Table of Contents

Class ScaleTempoAudioEffect

Namespace
VisioForge.Core.Types.X.AudioEffects
Assembly
VisioForge.Core.dll

Scale tempo audio effect changes the playback speed (tempo) of audio without significantly affecting pitch. Uses the GStreamer 'scaletempo' element with WSOLA (Waveform Similarity Overlap-Add) algorithm. Ideal for time-stretching audio, creating slow-motion or fast-forward effects while preserving pitch.

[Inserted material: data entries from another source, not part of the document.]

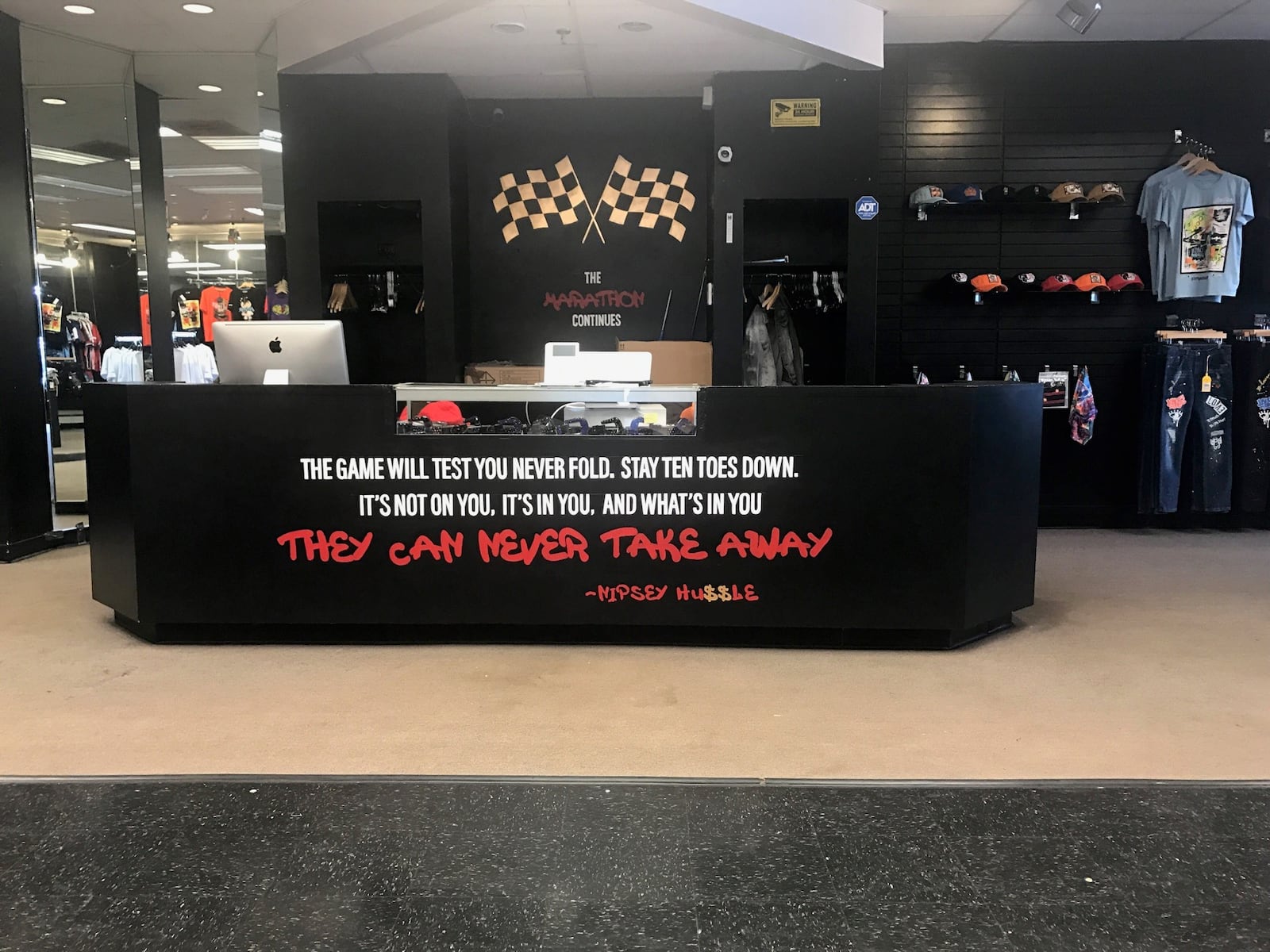 One of the inspirational sayings of Nipsey Hussle is highlighted on the on the counter of the stylish 48th Clothing store in the Northwest Plaza. Tom Archdeacon/STAFF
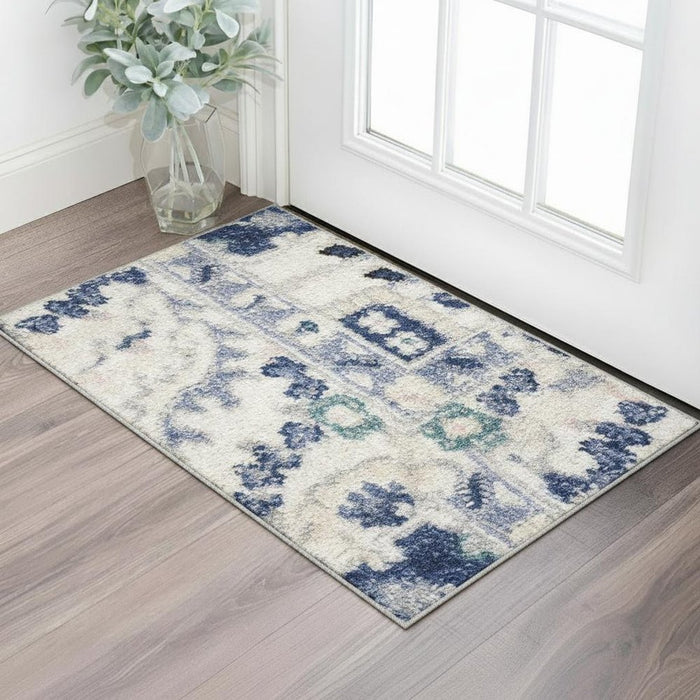 Decorative rug with blue and green pattern on a wooden floor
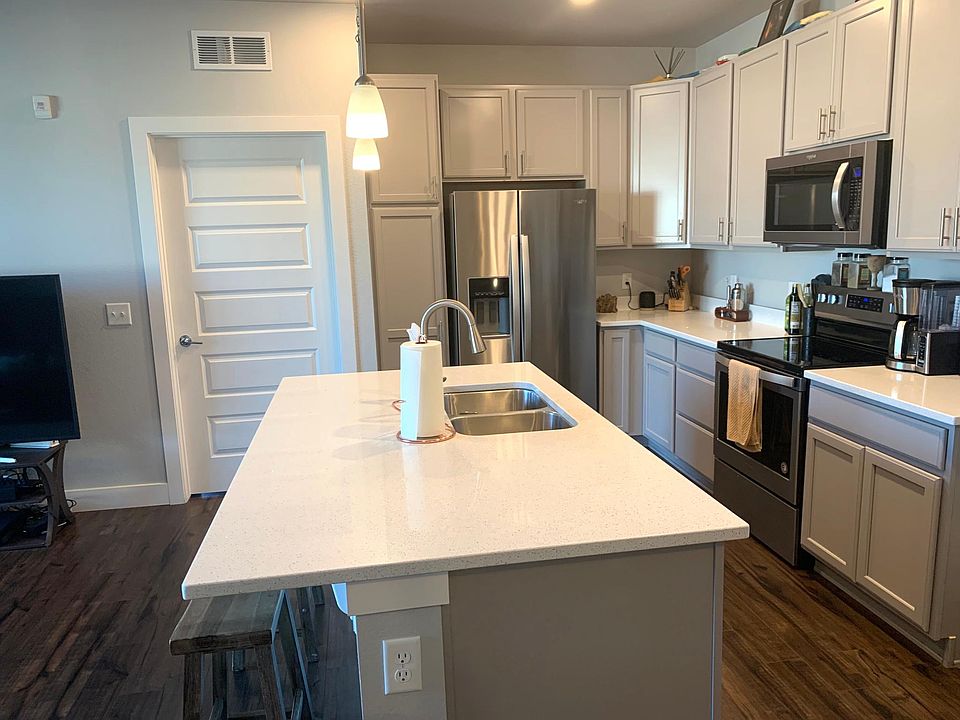 Kitchen with beautiful quartz counter-tops, brand new appliances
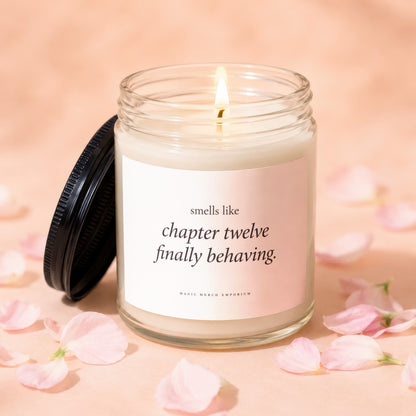 Lit candle in glass jar with lid off, reads "smells like chapter twelve finally behaving."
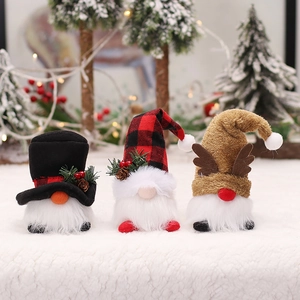 Three plush Christmas gnomes with LED lights, featuring reindeer and plaid hat designs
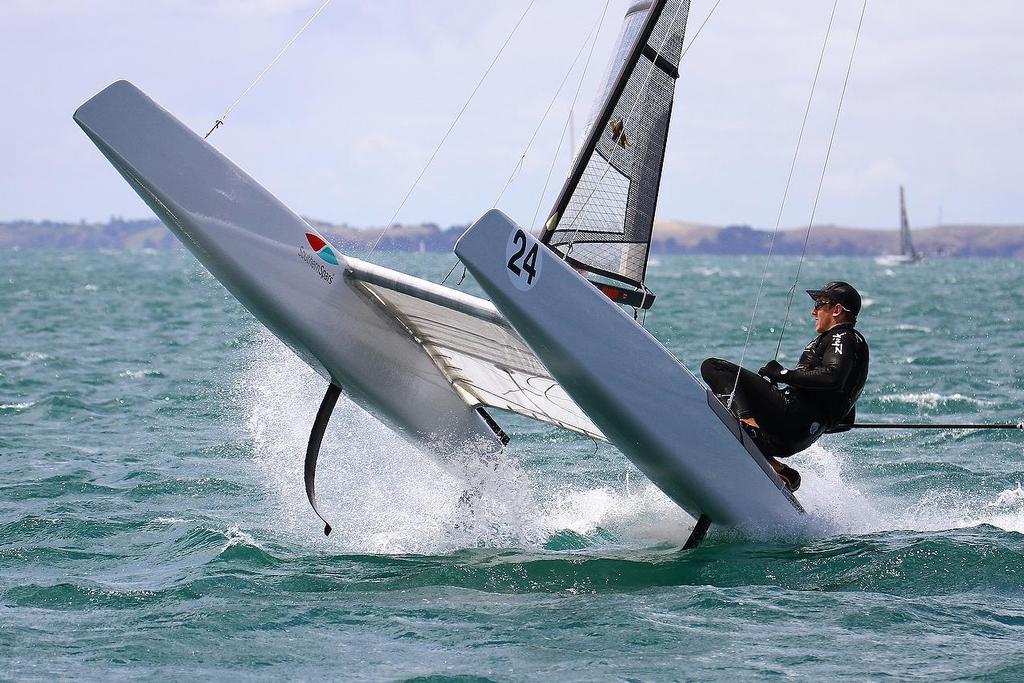 Peter Burling (NZL) roll tacking at the A-class catamaran World Championships, Day 3, Takapuna February 13, 2014 © Richard Gladwell www.photosport.co.nz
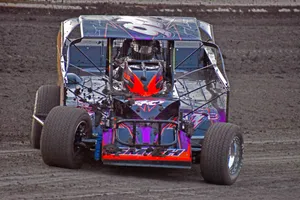 Dirt Car With Red And Violet Decals Wallpaper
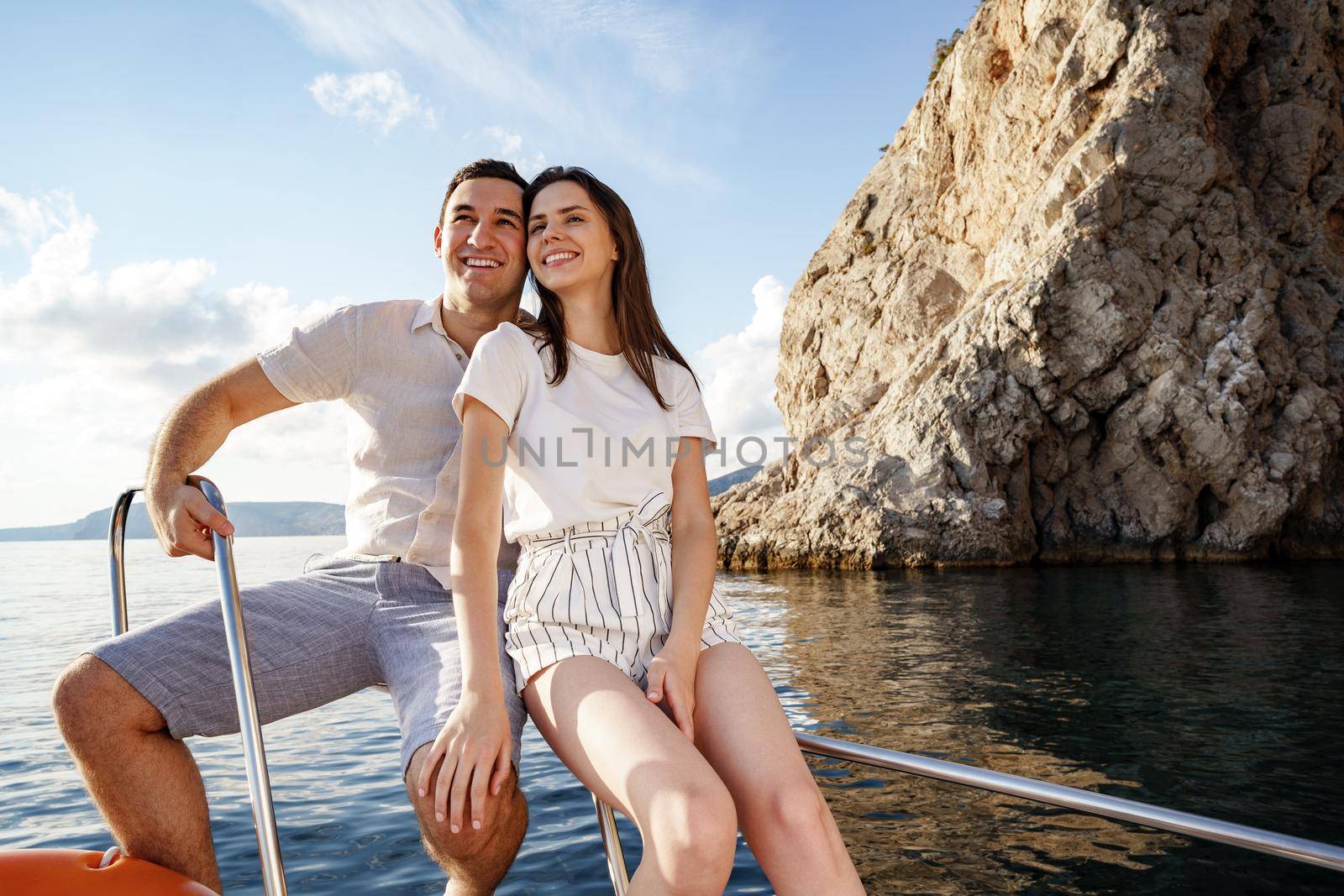 Happy couple in love on a yacht in summer on romantic vacation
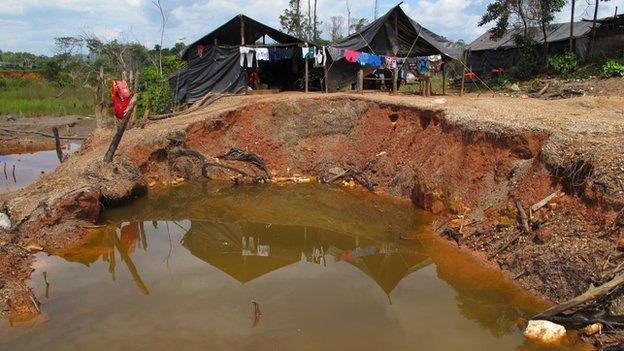 Large pool of brown water with tents in the background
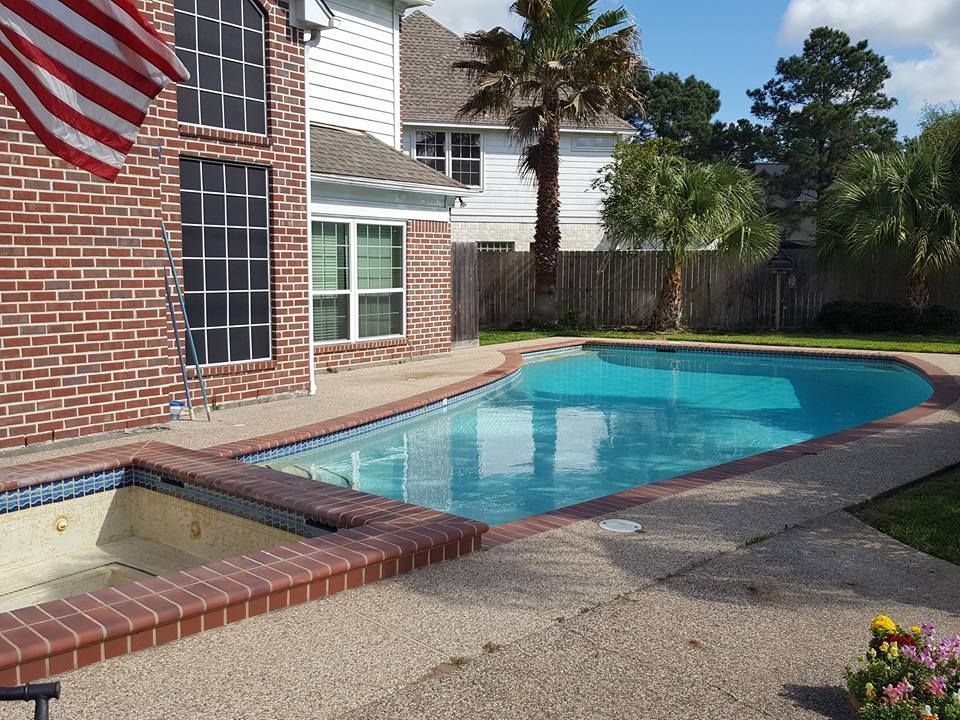 A large swimming pool in front of a brick house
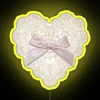 Whimsical LED sign with heart lace bow in neon colors.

public class ScaleTempoAudioEffect : BaseAudioEffect, ISharedAudioEffectX, IVideoEditXAudioEffect

Inheritance

Implements

Inherited Members

Remarks

GStreamer element: scaletempo Properties:

  • rate: Playback speed multiplier (0.5 = half speed, 2.0 = double speed)
  • stride: Length of audio segments processed (in milliseconds)
  • overlap: Percentage of segment overlap for smooth transitions
  • search: Time window for finding best overlap position (in milliseconds)

WSOLA Algorithm:

  1. Divides audio into overlapping segments (stride length)
  2. Searches for best position to overlap segments (search window)
  3. Cross-fades overlapping portions (overlap percentage)
  4. Reconstructs audio at new tempo

Quality vs Efficiency trade-offs:

  • Larger stride = faster processing, but more artifacts
  • Larger search = better quality, but slower processing
  • More overlap = smoother, but more CPU intensive

Best for:

  • Speech (podcasts, audiobooks): stride=30-50ms, search=14ms
  • Music: stride=15-30ms, search=20-30ms for better quality
  • Real-time: smaller stride and search for lower latency

Constructors

ScaleTempoAudioEffect(double)

Initializes a new instance of the VisioForge.Core.Types.X.AudioEffects.ScaleTempoAudioEffect class.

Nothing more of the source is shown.